Work to complete
Could you retype the lines below, starting at the line holding "Aircraft are seen" and stopping at the line holding "Een Clinique make-up", inclusive? Copy them exactly and drop the images.

Data supplied

□ □ □

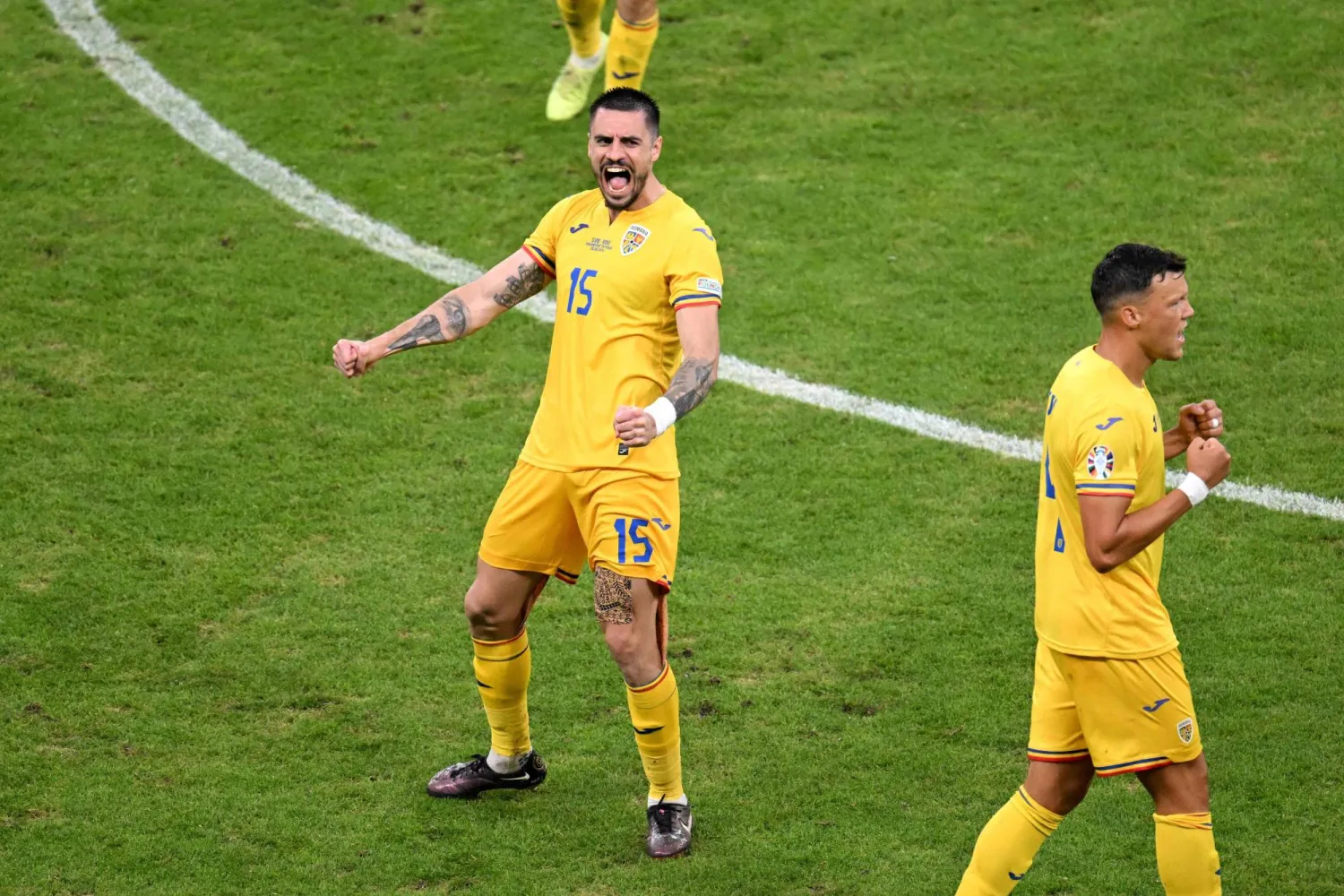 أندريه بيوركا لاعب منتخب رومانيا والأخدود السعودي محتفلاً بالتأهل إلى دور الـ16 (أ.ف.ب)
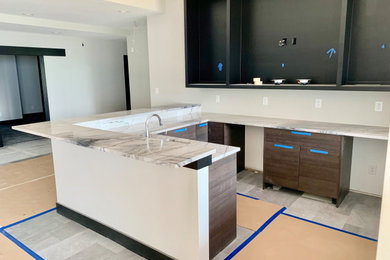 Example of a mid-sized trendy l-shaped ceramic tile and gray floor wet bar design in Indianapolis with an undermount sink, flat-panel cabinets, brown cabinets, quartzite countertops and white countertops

□ □ □

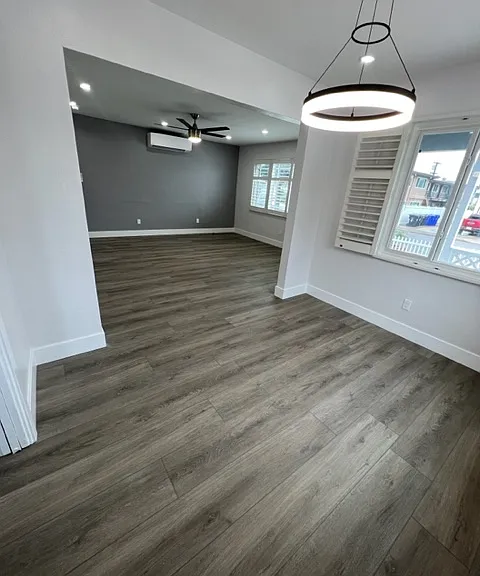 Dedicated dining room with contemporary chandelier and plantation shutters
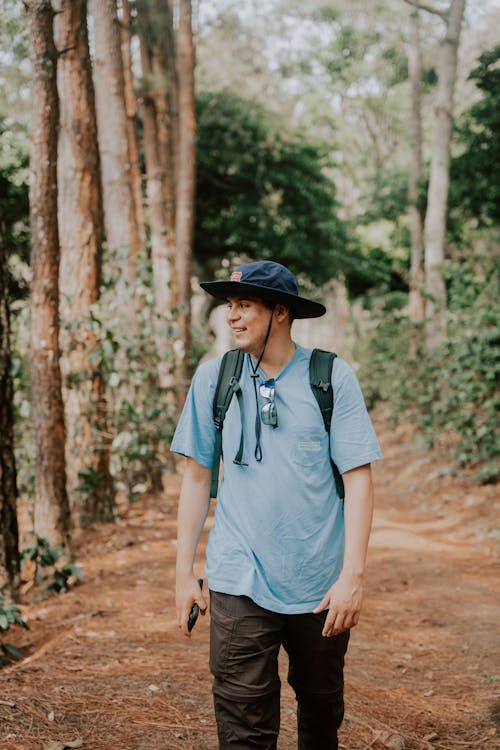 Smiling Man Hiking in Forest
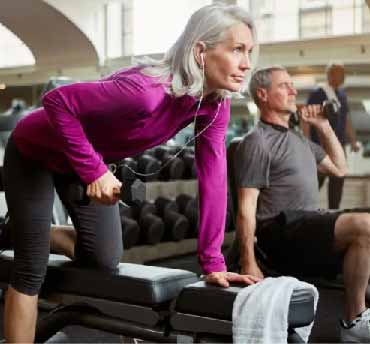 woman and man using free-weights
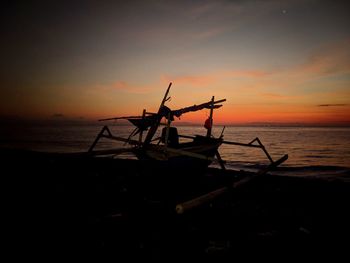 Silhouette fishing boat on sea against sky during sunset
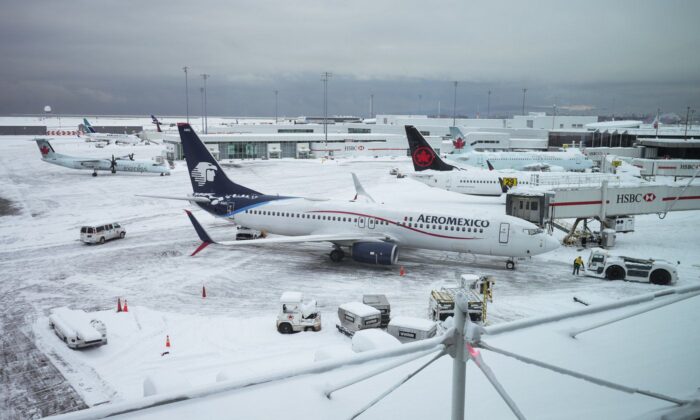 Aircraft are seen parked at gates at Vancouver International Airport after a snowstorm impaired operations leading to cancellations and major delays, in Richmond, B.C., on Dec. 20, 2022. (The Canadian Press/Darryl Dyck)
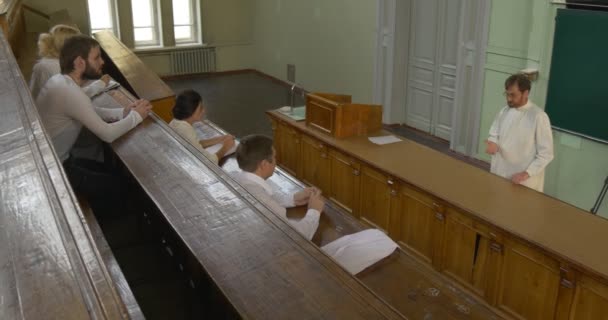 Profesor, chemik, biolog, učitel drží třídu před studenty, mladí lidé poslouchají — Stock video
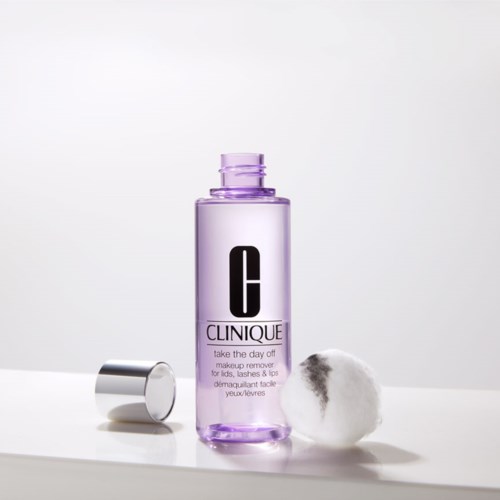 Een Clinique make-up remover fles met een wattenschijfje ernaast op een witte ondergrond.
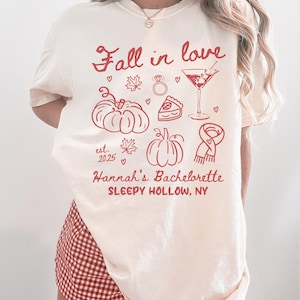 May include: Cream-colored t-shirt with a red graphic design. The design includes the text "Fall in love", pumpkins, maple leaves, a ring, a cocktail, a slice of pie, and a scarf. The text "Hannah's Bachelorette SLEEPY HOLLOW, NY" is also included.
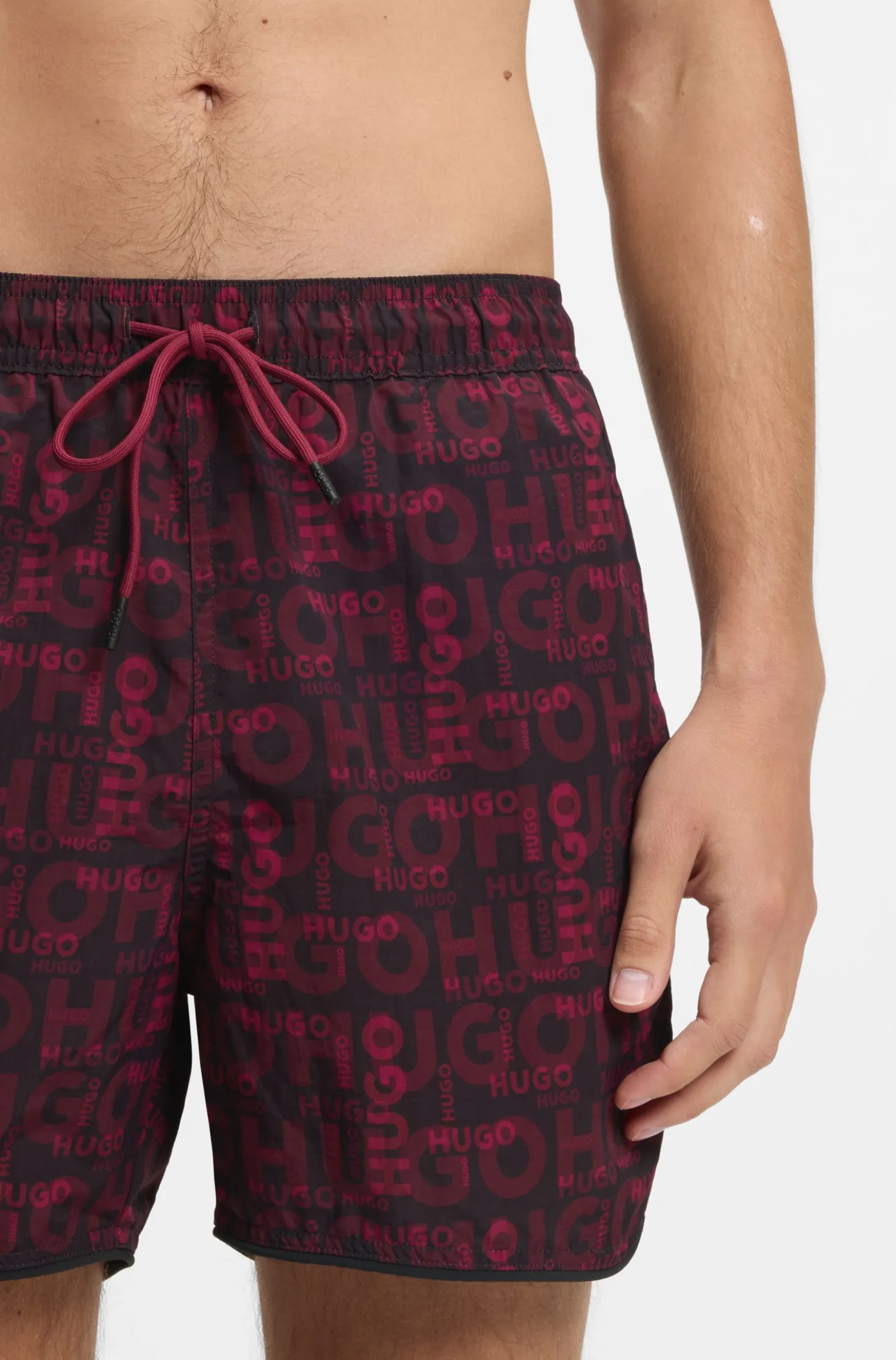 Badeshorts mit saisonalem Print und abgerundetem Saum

□ □ □

Task result
 Aircraft are seen parked at gates at Vancouver International Airport after a snowstorm impaired operations leading to cancellations and major delays, in Richmond, B.C., on Dec. 20, 2022. (The Canadian Press/Darryl Dyck)
 Profesor, chemik, biolog, učitel drží třídu před studenty, mladí lidé poslouchají — Stock video
 Een Clinique make-up remover fles met een wattenschijfje ernaast op een witte ondergrond.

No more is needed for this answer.